◆ Given records

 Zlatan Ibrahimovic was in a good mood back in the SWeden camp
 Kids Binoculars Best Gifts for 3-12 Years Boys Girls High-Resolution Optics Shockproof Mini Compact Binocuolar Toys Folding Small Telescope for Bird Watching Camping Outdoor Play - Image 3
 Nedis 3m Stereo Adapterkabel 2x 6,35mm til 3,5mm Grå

---

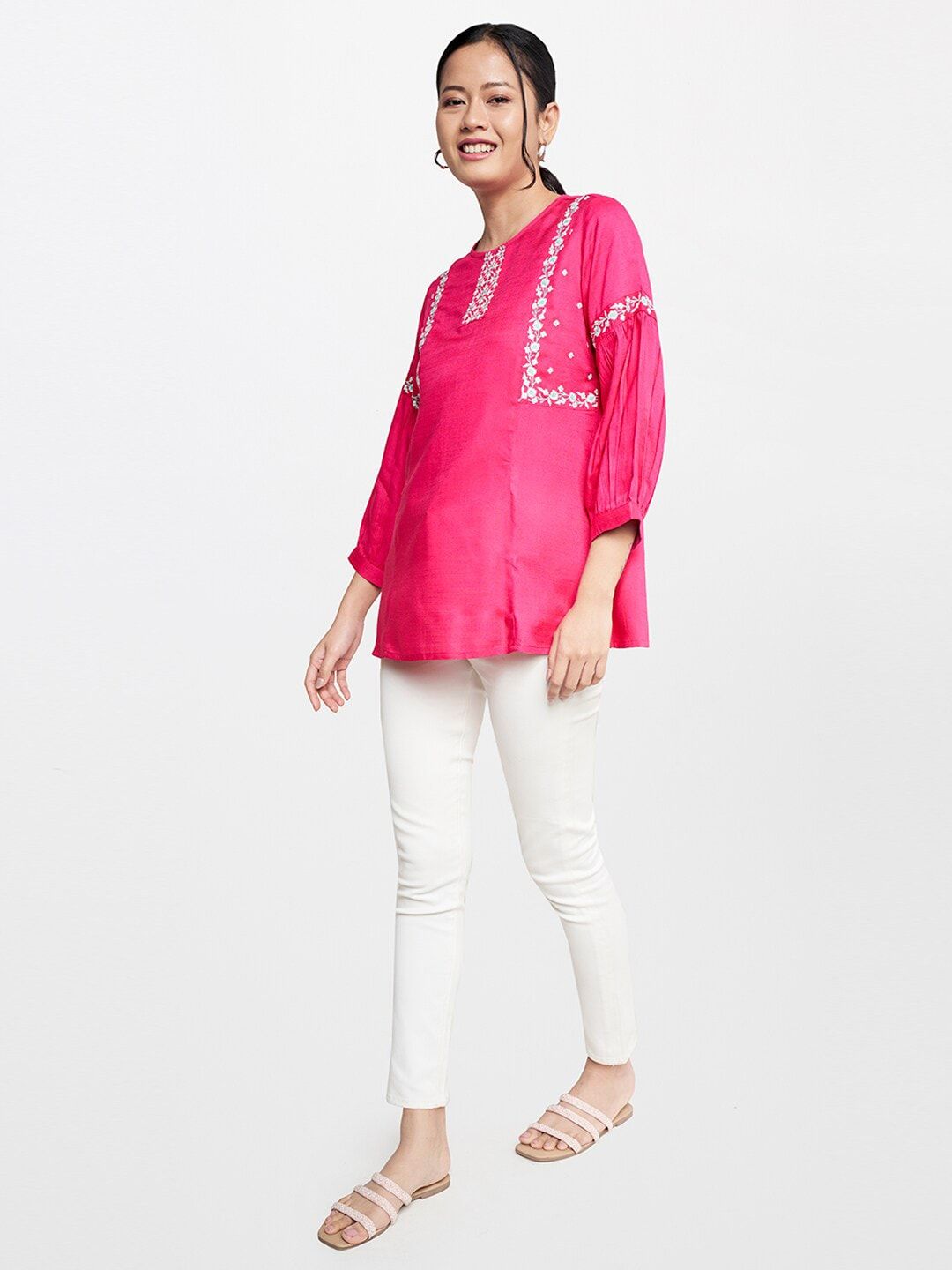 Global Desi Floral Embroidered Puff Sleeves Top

◆ Your goal
Where the data above reaches the line holding "Kids Binoculars Best", begin printing, and stop after the line holding "Nedis 3m Stereo". Each line must be reproduced exactly, with nothing else added.

◆ Result below
 Kids Binoculars Best Gifts for 3-12 Years Boys Girls High-Resolution Optics Shockproof Mini Compact Binocuolar Toys Folding Small Telescope for Bird Watching Camping Outdoor Play - Image 3
 Nedis 3m Stereo Adapterkabel 2x 6,35mm til 3,5mm Grå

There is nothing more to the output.